[[ MATERIAL FOR THE TASK, beginning ]]

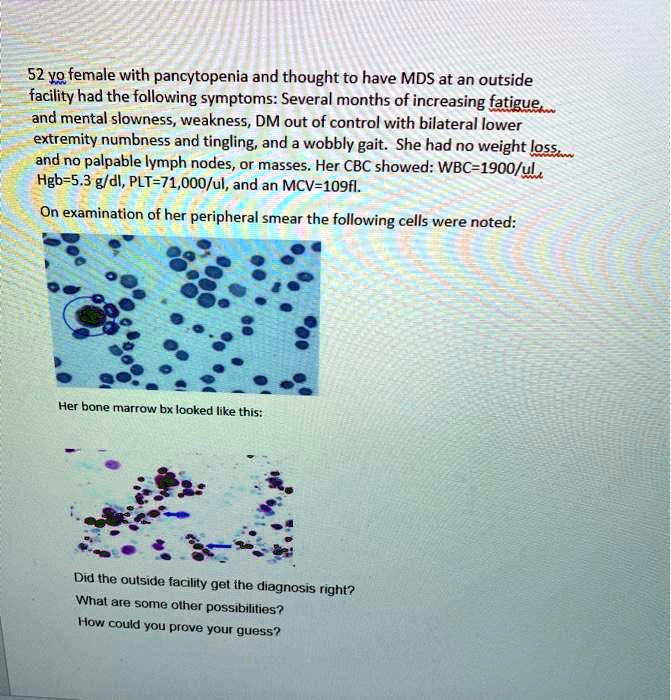 52 yo female with pancytopenia and thought to have MDS at an outside facility had the following symptoms: Several months of increasing fatigue, and mental slowness, weakness, DM out of control with bilateral lower extremity numbness and tingling, and a wobbly gait. She had no weight loss, and no palpable lymph nodes, or masses. Her CBC showed: WBC=1900/ul, Hgb=5.3 g/dl, PLT=71,000/ul, and an MCV=109fl.

On examination of her peripheral smear the following cells were noted:

Her bone marrow bx looked like this:

Did the outside facility get the diagnosis right?
What are some other possibilities?
How could you prove your guess?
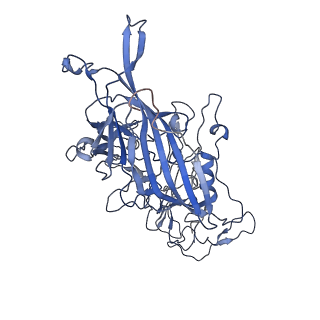 7302_6bx1_s_v1-1
Atomic resolution structure of human bufavirus 3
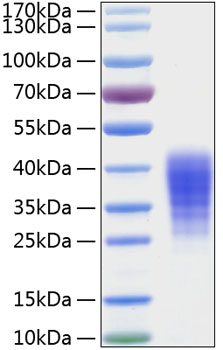 Recombinant human lif protein 100 µg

[[ MATERIAL FOR THE TASK, end ]]

→ WHAT YOU SHOULD DO
Everything in the records above should be printed exactly, apart from the pictures.

→ ANSWER TO THE EXERCISE
 52 yo female with pancytopenia and thought to have MDS at an outside facility had the following symptoms: Several months of increasing fatigue, and mental slowness, weakness, DM out of control with bilateral lower extremity numbness and tingling, and a wobbly gait. She had no weight loss, and no palpable lymph nodes, or masses. Her CBC showed: WBC=1900/ul, Hgb=5.3 g/dl, PLT=71,000/ul, and an MCV=109fl.

On examination of her peripheral smear the following cells were noted:

Her bone marrow bx looked like this:

Did the outside facility get the diagnosis right?
What are some other possibilities?
How could you prove your guess?
 7302_6bx1_s_v1-1
Atomic resolution structure of human bufavirus 3
 Recombinant human lif protein 100 µg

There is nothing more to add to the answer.